#### THE DATA:
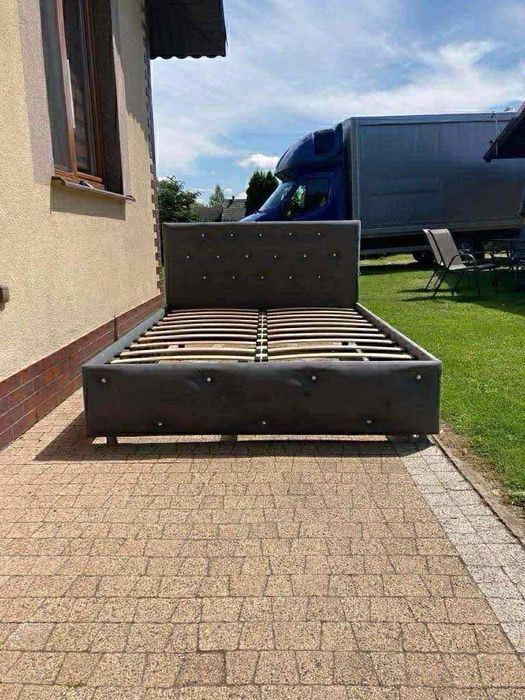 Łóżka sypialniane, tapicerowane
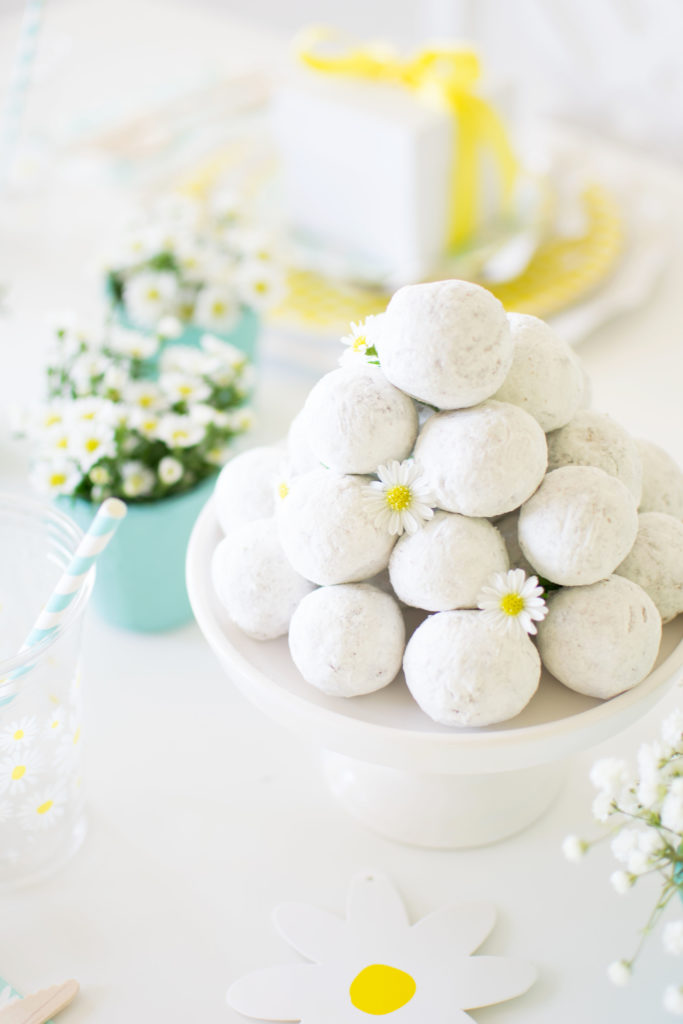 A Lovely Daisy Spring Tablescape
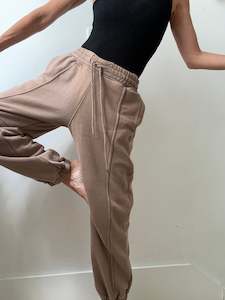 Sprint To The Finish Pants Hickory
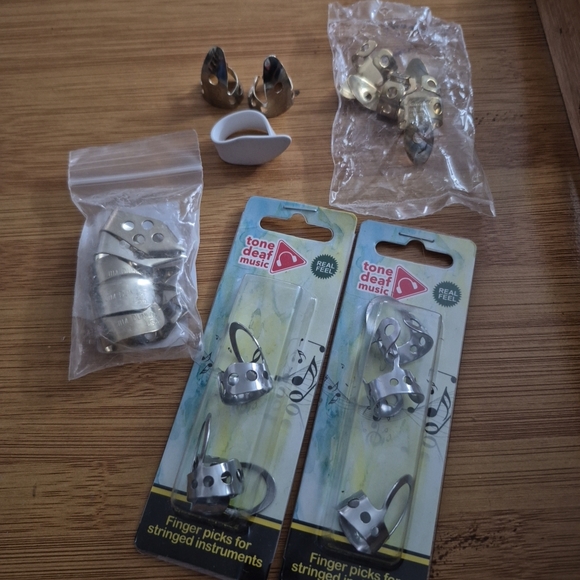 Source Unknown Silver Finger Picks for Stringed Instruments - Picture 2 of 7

#### TASK DESCRIPTION:
Pictures are not part of the copy; retype all the other material exactly.

#### RESULT OF THE TASK:
 Łóżka sypialniane, tapicerowane
 A Lovely Daisy Spring Tablescape
 Sprint To The Finish Pants Hickory
 Source Unknown Silver Finger Picks for Stringed Instruments - Picture 2 of 7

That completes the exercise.